### GIVEN DATA
=== Section Start ===

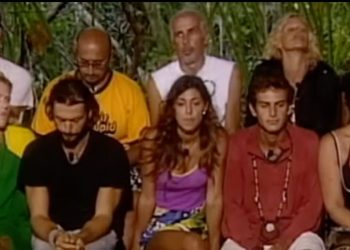 Vladimir Luxuria-Belen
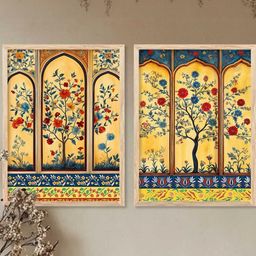 WALLLANE Wood Wall Paintings-image-36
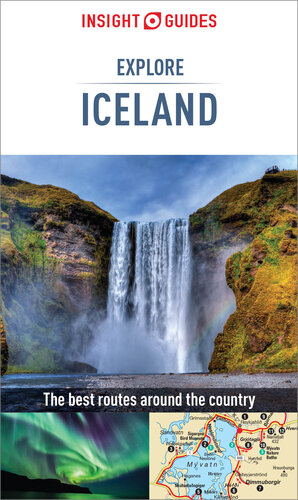 Insight Guides Explore Iceland (Travel Guide eBook)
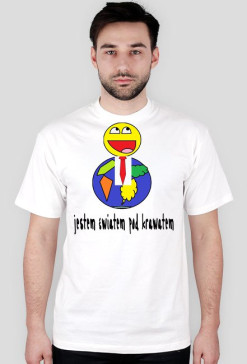 świat w krawacie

=== Section End ===

### PROBLEM DETAILS
Would you return all the data exactly as given, minus the pictures?

### OUTPUT FOR THIS EXERCISE
 Vladimir Luxuria-Belen
 WALLLANE Wood Wall Paintings-image-36
 Insight Guides Explore Iceland (Travel Guide eBook)
 świat w krawacie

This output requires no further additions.